News Google’s Earth Engine – tracking global changes using time-lapse

10 July 2017 Kate

The ‘Earth Engine’ is a prime example of how time-lapse is being applied to help us better understand the environmental changes brought to bear on our planet.

A Google project of extreme scale, it provides satellite imagery and other observational data for analysis.

The platform, not to be confused with ‘Google Earth’, is responsible for making this data easily available to researchers, as well as the public.

Earth Engine is a catalogue of satellite images of our planet, dating back to 1984, under the banner of the Landsat programme.
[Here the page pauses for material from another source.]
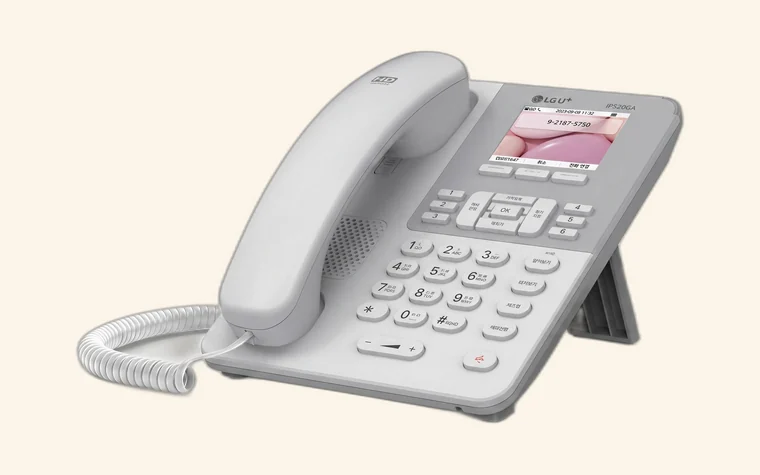 LG U+ 매장인터넷전화 IP-520GA 고성능 업무용 IP 전화기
Developed by NASA, a series of satellites perpetually orbited Earth tracking how the human species altered the surface of the planet over time.

Tracking change over time

Google has created a global time-lapse image of such changes, allowing users to view landscape changes in any location on Earth using the ‘Engine’ platform.

 

The search, pan, and zoom functions allow thorough exploration of this imagery, combining five million individual satellite images retrieved over the past three decades by five different satellites.

33 cloud-free annual mosaics are made interactive via these zoomable and pannable tools – that’s one for each year from 1984 to 2016. The Timelapse Tour Editor also allows movement from one destination to another.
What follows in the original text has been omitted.